Copy all of the data below exactly as it is given.

** Opening Records for this task block **

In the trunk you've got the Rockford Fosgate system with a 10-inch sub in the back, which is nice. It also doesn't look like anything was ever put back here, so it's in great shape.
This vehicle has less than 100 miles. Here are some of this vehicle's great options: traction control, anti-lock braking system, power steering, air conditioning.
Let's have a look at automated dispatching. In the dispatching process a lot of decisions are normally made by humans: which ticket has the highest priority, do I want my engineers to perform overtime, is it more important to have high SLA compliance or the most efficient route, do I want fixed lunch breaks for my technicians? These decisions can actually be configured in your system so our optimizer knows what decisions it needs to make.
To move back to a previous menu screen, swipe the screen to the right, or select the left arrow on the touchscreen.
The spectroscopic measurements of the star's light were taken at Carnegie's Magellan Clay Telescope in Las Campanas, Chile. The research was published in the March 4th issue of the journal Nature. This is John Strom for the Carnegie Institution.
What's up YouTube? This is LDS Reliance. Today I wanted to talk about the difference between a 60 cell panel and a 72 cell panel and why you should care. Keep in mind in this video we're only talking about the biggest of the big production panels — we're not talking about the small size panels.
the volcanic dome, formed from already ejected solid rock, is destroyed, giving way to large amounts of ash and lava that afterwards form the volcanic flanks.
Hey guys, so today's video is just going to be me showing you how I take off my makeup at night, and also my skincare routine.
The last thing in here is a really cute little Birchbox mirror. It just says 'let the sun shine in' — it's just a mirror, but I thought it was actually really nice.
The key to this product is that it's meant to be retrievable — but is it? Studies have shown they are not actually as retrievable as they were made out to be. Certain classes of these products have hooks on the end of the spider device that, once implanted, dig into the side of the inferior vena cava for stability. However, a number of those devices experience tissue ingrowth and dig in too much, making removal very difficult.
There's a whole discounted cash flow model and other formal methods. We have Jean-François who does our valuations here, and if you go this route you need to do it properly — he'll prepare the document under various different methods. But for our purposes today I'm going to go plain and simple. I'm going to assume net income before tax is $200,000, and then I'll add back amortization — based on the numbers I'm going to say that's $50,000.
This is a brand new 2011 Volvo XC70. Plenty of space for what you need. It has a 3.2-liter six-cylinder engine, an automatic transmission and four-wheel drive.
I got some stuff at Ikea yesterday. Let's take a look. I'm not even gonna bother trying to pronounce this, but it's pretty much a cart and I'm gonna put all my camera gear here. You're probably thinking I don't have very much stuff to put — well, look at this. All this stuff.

** Closing Records for this task block **

▶ Solution to this exercise
In the trunk you've got the Rockford Fosgate system with a 10-inch sub in the back, which is nice. It also doesn't look like anything was ever put back here, so it's in great shape.
This vehicle has less than 100 miles. Here are some of this vehicle's great options: traction control, anti-lock braking system, power steering, air conditioning.
Let's have a look at automated dispatching. In the dispatching process a lot of decisions are normally made by humans: which ticket has the highest priority, do I want my engineers to perform overtime, is it more important to have high SLA compliance or the most efficient route, do I want fixed lunch breaks for my technicians? These decisions can actually be configured in your system so our optimizer knows what decisions it needs to make.
To move back to a previous menu screen, swipe the screen to the right, or select the left arrow on the touchscreen.
The spectroscopic measurements of the star's light were taken at Carnegie's Magellan Clay Telescope in Las Campanas, Chile. The research was published in the March 4th issue of the journal Nature. This is John Strom for the Carnegie Institution.
What's up YouTube? This is LDS Reliance. Today I wanted to talk about the difference between a 60 cell panel and a 72 cell panel and why you should care. Keep in mind in this video we're only talking about the biggest of the big production panels — we're not talking about the small size panels.
the volcanic dome, formed from already ejected solid rock, is destroyed, giving way to large amounts of ash and lava that afterwards form the volcanic flanks.
Hey guys, so today's video is just going to be me showing you how I take off my makeup at night, and also my skincare routine.
The last thing in here is a really cute little Birchbox mirror. It just says 'let the sun shine in' — it's just a mirror, but I thought it was actually really nice.
The key to this product is that it's meant to be retrievable — but is it? Studies have shown they are not actually as retrievable as they were made out to be. Certain classes of these products have hooks on the end of the spider device that, once implanted, dig into the side of the inferior vena cava for stability. However, a number of those devices experience tissue ingrowth and dig in too much, making removal very difficult.
There's a whole discounted cash flow model and other formal methods. We have Jean-François who does our valuations here, and if you go this route you need to do it properly — he'll prepare the document under various different methods. But for our purposes today I'm going to go plain and simple. I'm going to assume net income before tax is $200,000, and then I'll add back amortization — based on the numbers I'm going to say that's $50,000.
This is a brand new 2011 Volvo XC70. Plenty of space for what you need. It has a 3.2-liter six-cylinder engine, an automatic transmission and four-wheel drive.
I got some stuff at Ikea yesterday. Let's take a look. I'm not even gonna bother trying to pronounce this, but it's pretty much a cart and I'm gonna put all my camera gear here. You're probably thinking I don't have very much stuff to put — well, look at this. All this stuff.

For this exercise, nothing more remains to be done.